Exercise details>
Give back exactly the lines of the material below that start at the line containing "If you want" and end at the line containing "I'm creating a", and no others.
Top of Data provided
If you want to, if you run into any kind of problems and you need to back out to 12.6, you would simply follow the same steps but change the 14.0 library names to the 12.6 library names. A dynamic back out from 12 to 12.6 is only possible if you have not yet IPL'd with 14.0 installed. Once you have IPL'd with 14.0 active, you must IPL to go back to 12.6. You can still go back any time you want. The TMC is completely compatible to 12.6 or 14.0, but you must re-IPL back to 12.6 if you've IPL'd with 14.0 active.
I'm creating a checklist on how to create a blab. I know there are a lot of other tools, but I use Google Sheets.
Bottom of Data provided
Top of Data provided
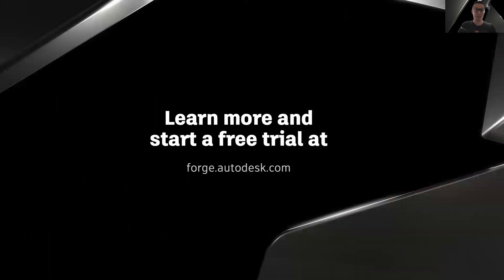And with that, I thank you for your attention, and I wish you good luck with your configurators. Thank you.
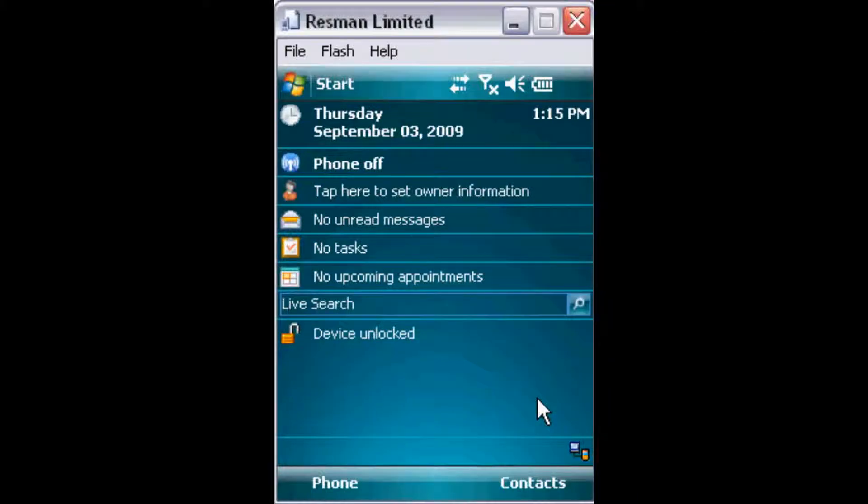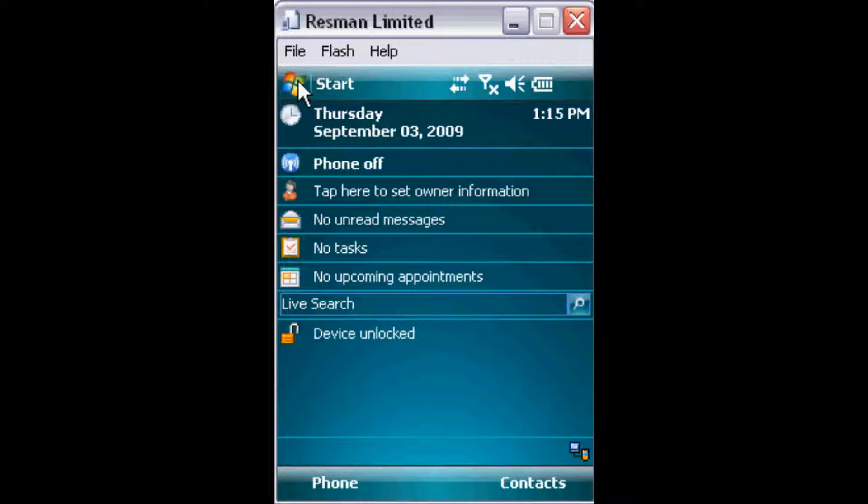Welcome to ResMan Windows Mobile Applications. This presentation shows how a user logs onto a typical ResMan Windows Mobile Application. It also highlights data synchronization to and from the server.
Bottom of Data provided
Solution to this exercise>
If you want to, if you run into any kind of problems and you need to back out to 12.6, you would simply follow the same steps but change the 14.0 library names to the 12.6 library names. A dynamic back out from 12 to 12.6 is only possible if you have not yet IPL'd with 14.0 installed. Once you have IPL'd with 14.0 active, you must IPL to go back to 12.6. You can still go back any time you want. The TMC is completely compatible to 12.6 or 14.0, but you must re-IPL back to 12.6 if you've IPL'd with 14.0 active.
I'm creating a checklist on how to create a blab. I know there are a lot of other tools, but I use Google Sheets.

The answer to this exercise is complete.